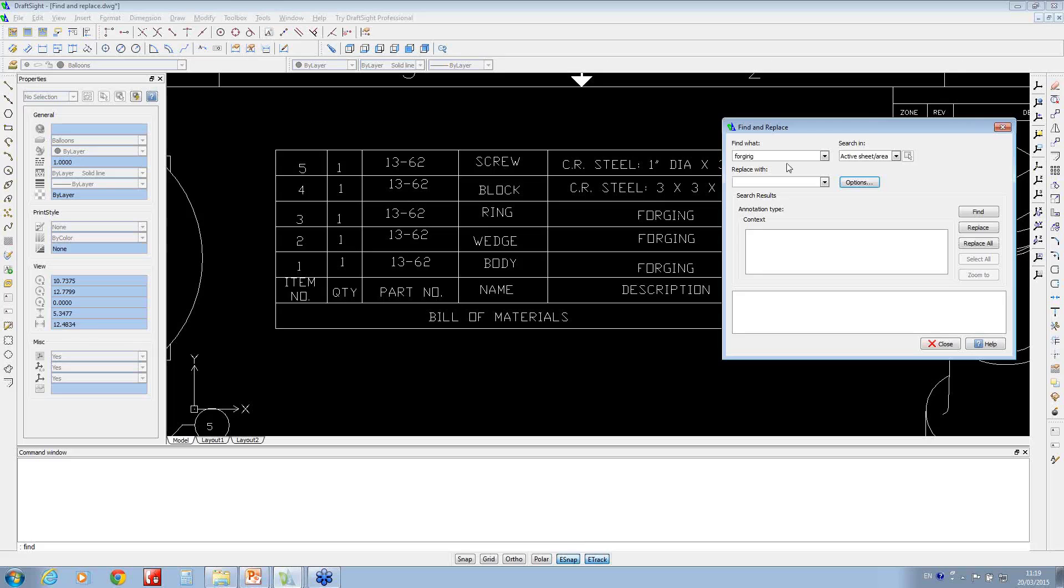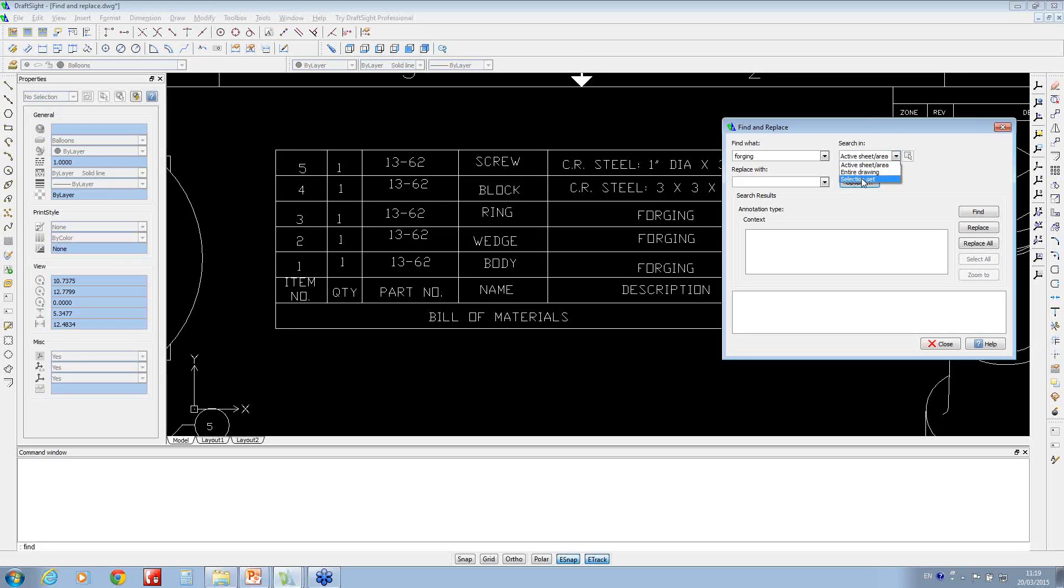You can choose whether it's just in the active sheet, or the entire drawing set if you've got multiple items, or what's called a selection set. If I choose the selection set, I'm also going to choose what I want to replace it with. I'm going to set that as 'casting'.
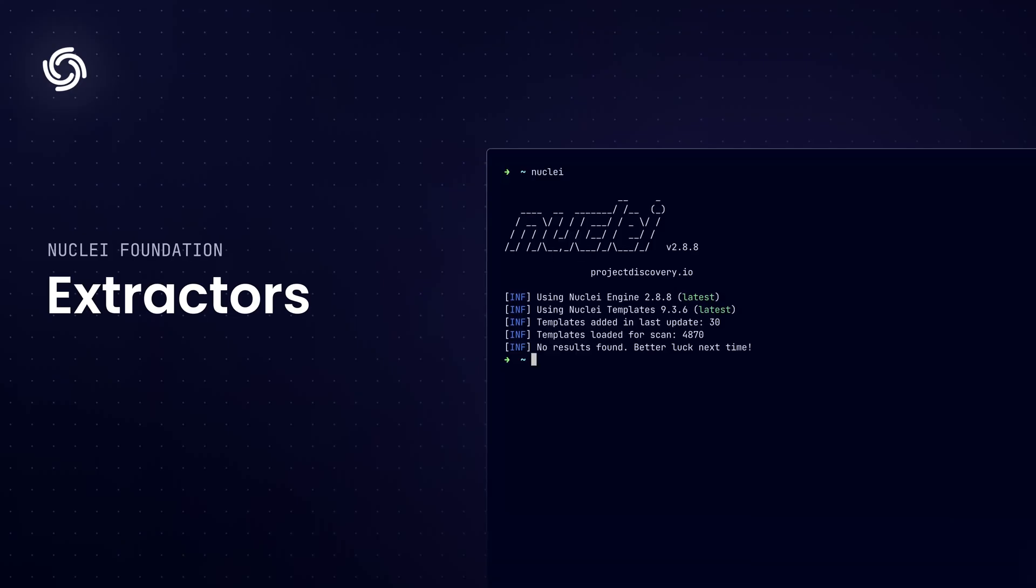Hey there, welcome back to another video in the nuclei foundation series. In this video, we're going to be checking out nuclei extractors. These little guys are actually a game changer when it comes to extracting and organizing data from responses. So let's dive right in.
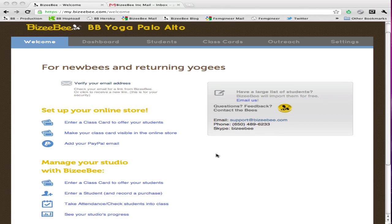Hi and welcome to BusyBee. I'm Pornima, the CEO and founder. In this tutorial I'll show you how you can verify your email address. We ask you to verify your email address so that we can send you updates on what's going on with BusyBee, as well as send out emails on your behalf to your students.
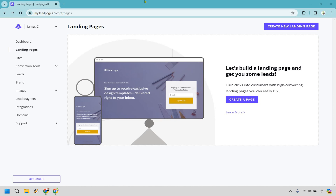Hello and welcome to my Leadpages tutorial where I'm going to be showing you how to create a landing page where you can capture leads and send them to a thank you page. If you would like to follow along, I will leave my link down below — we can use that for easier login access or simply if you want to get a Leadpages free trial. Let's begin.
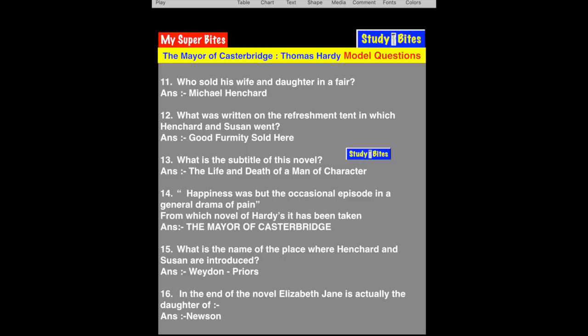Question 14: 'Happiness was but the occasional episode in the general drama of pain.' From which Hardy novel is this taken? It is from The Mayor of Casterbridge. Hardy says happiness is only an occasional episode — meaning life is mostly a drama of pain. This is spoken by Elizabeth Jane and reflects Hardy's philosophy.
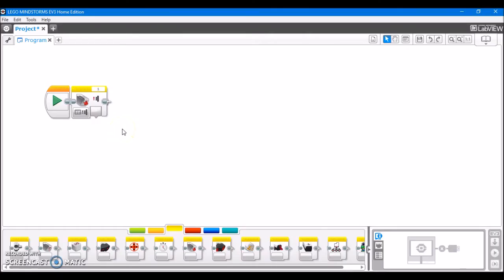So here we have the programming block for the EV3 touch sensor, and this is, in my opinion, the easiest sensor to use, because it only ever outputs a value of 1 or 0, true or false, whether or not the sensor is pressed.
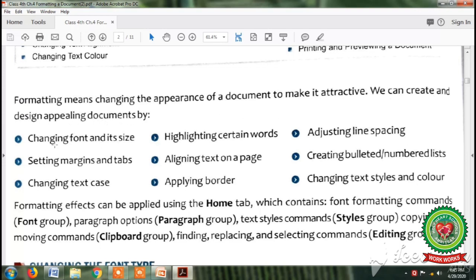We are changing the appearance of the document because we want our document to look attractive. We can create and design appealing documents by changing font and its size, setting margins and tabs, changing text alignment, adding and highlighting text on a page, applying borders, adjusting line spacing, creating bulleted and numbered lists, and changing text styles and color. These all are the formatting features we will discuss one by one in this chapter.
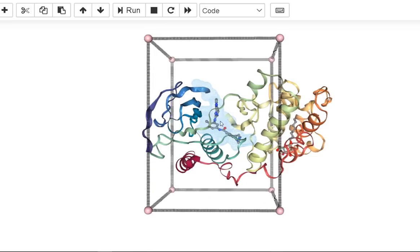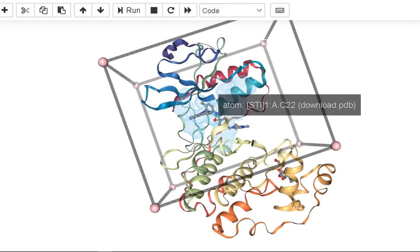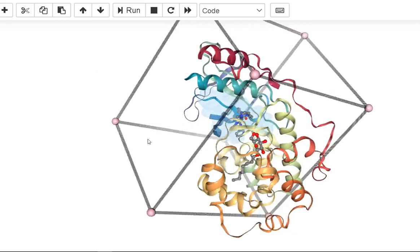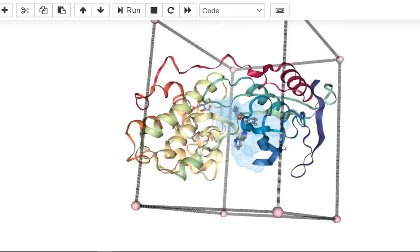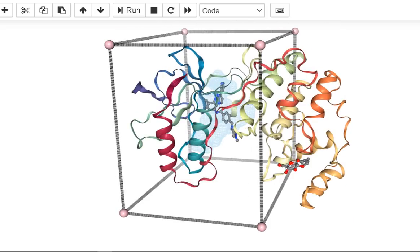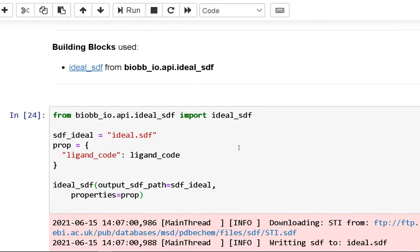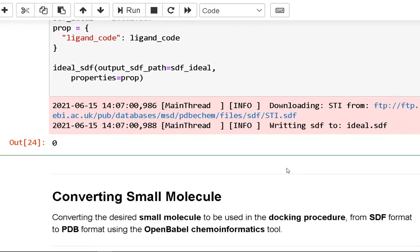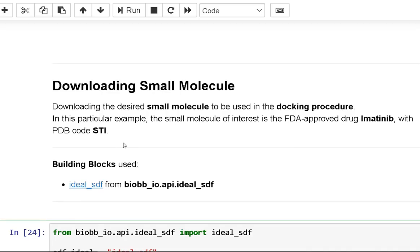We then check that the specified cavity is positioned in the same region as the original ligand, using the original structure with the small ligand inside. For downloading the small molecule, the chosen small molecule is downloaded. The FDA-approved imatinib with PDB code STI is the small molecule of interest in this case.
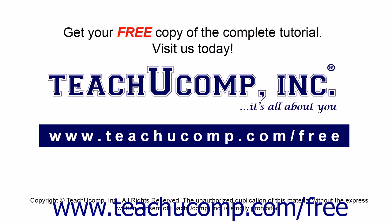Get your free copy of the complete tutorial at www.teachucomp.com forward slash free.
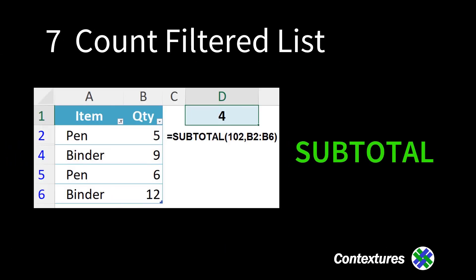And finally, count rows that are visible in a filtered list. Here we have four rows and the hidden rows are ignored in the count.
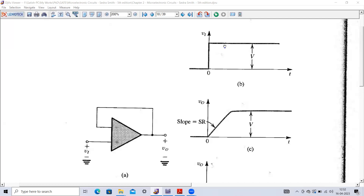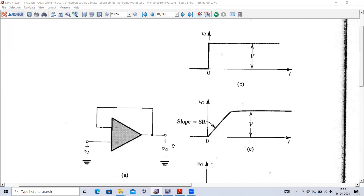Normally, if we don't have a unity step signal, we can apply a square wave of a certain duty cycle. We apply the unit step signal and then observe the output of this unity gain amplifier. Whenever we apply a unit step input of amplitude V volts, this output will not change instantly - it will take a finite amount of time to reach that particular level.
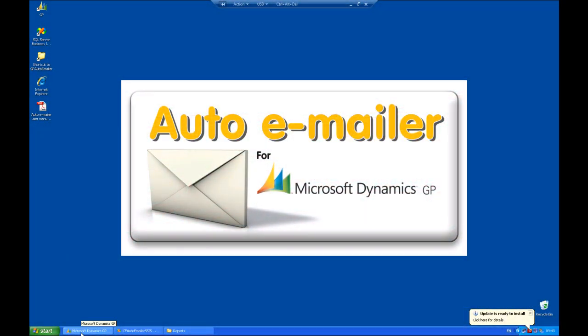AutoEmailer, developed by CoreFocus Consultancy, is a product that removes the need to print and mail many GP documents. AutoEmailer allows you to send multiple page documents as one attachment.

- What you need to do:
Leave out every picture, and copy exactly the lines above starting at the one holding "So here we have" and ending at the one holding "And finally, count", no more and no less.

- Response:
So here we have the programming block for the EV3 touch sensor, and this is, in my opinion, the easiest sensor to use, because it only ever outputs a value of 1 or 0, true or false, whether or not the sensor is pressed.
We are changing the appearance of the document because we want our document to look attractive. We can create and design appealing documents by changing font and its size, setting margins and tabs, changing text alignment, adding and highlighting text on a page, applying borders, adjusting line spacing, creating bulleted and numbered lists, and changing text styles and color. These all are the formatting features we will discuss one by one in this chapter.
We then check that the specified cavity is positioned in the same region as the original ligand, using the original structure with the small ligand inside. For downloading the small molecule, the chosen small molecule is downloaded. The FDA-approved imatinib with PDB code STI is the small molecule of interest in this case.
Get your free copy of the complete tutorial at www.teachucomp.com forward slash free.
And finally, count rows that are visible in a filtered list. Here we have four rows and the hidden rows are ignored in the count.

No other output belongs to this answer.